Jennie Pasquarella, a staff attorney for the American Civil Liberties Union of Southern California, said that “Los Angeles is a priority jurisdiction for ICE, and I think it will be a model that is used by other counties, for better or worse.” Just this week, the North Carolina Senate voted to ban “sanctuary cities” in the state. And other communities throughout the country are following suit. In Fresno and Kern counties in California, sheriff’s officials are now letting ICE work out of the jails to take people into custody directly. San Diego and San Bernardino counties said “they are notifying ICE when immigrants sought by the agency are being released so deportation officers can arrive in time to pick them up.” The Dallas County sheriff’s department in Texas said they will allow ICE to detain immigrants who are “more serious offenders.”
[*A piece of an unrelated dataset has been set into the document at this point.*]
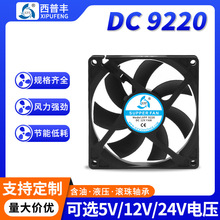ֱ��9220ɢ���L��12V���͝L��9�����Դ��늘�׃�l��΢�͹��I�L��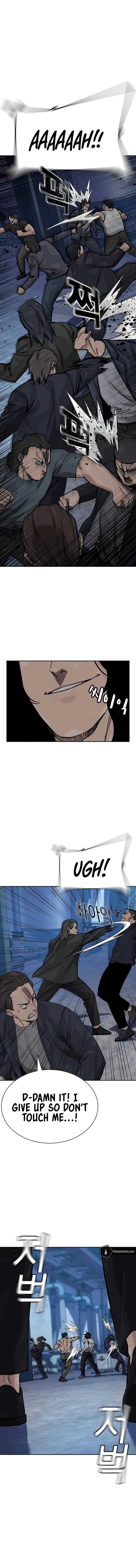 To Not Die - Chapter 134 Page 17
But not all cities and counties are going along with the deportation steamroller. San Francisco and Cook County, Illinois are saying to ICE: No Way! We are not we going to participate in PEP and allow you in our jails.
People should not stand for this ramp-up of immigrant deportations. We’ve got to put a stop to ICE being in the jails of this country and deporting our brothers and sisters. We have to breathe, live, and fight for what is stated in one of the “5 Stops”: STOP The Demonization, Criminalization, and Deportations of Immigrants, and the Militarization of the Border!